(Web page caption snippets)
=== Section Start ===

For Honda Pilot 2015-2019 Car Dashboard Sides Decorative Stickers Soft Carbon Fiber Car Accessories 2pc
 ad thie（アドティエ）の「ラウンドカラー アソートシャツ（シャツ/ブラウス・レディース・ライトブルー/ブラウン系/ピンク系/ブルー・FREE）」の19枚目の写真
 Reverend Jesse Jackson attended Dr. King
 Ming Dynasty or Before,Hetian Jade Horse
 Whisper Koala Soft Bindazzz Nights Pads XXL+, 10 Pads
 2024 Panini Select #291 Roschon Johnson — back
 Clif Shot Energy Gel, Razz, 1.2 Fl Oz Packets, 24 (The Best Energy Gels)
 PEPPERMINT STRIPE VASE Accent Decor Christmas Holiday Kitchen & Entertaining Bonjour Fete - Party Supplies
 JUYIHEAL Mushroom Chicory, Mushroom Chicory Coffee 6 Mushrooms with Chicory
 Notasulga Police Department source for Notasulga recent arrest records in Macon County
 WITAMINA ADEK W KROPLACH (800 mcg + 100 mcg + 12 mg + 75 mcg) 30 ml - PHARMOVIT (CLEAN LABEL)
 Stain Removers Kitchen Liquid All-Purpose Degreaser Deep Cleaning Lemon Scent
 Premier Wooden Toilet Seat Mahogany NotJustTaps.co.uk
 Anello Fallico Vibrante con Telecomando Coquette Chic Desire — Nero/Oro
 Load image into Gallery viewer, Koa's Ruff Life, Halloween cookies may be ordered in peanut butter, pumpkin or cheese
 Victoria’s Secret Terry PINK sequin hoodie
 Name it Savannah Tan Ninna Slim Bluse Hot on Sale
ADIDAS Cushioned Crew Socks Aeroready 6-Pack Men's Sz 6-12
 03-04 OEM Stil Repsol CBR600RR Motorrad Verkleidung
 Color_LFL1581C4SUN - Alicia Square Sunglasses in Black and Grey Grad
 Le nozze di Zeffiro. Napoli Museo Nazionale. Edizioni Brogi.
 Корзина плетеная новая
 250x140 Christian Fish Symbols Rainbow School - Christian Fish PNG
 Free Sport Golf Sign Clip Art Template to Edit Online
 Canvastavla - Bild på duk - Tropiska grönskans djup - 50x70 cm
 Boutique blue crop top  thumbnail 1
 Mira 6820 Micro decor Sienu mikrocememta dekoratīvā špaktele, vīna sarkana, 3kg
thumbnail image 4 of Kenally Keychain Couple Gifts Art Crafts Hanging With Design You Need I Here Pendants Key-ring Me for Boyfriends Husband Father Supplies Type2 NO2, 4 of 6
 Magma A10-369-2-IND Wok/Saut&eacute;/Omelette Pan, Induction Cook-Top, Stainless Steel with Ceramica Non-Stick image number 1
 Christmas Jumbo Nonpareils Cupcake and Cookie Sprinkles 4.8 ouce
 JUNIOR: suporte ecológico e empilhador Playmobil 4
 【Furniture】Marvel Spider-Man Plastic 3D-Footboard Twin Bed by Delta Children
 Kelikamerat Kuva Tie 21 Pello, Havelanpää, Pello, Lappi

=== Section End ===

* Exercise aim:
Both end lines included, restate word for word the lines above from the line with "Ming Dynasty or Before,Hetian Jade Horse" to the line with "WITAMINA ADEK W", and nothing else.

* Written response:
 Ming Dynasty or Before,Hetian Jade Horse
 Whisper Koala Soft Bindazzz Nights Pads XXL+, 10 Pads
 2024 Panini Select #291 Roschon Johnson — back
 Clif Shot Energy Gel, Razz, 1.2 Fl Oz Packets, 24 (The Best Energy Gels)
 PEPPERMINT STRIPE VASE Accent Decor Christmas Holiday Kitchen & Entertaining Bonjour Fete - Party Supplies
 JUYIHEAL Mushroom Chicory, Mushroom Chicory Coffee 6 Mushrooms with Chicory
 Notasulga Police Department source for Notasulga recent arrest records in Macon County
 WITAMINA ADEK W KROPLACH (800 mcg + 100 mcg + 12 mg + 75 mcg) 30 ml - PHARMOVIT (CLEAN LABEL)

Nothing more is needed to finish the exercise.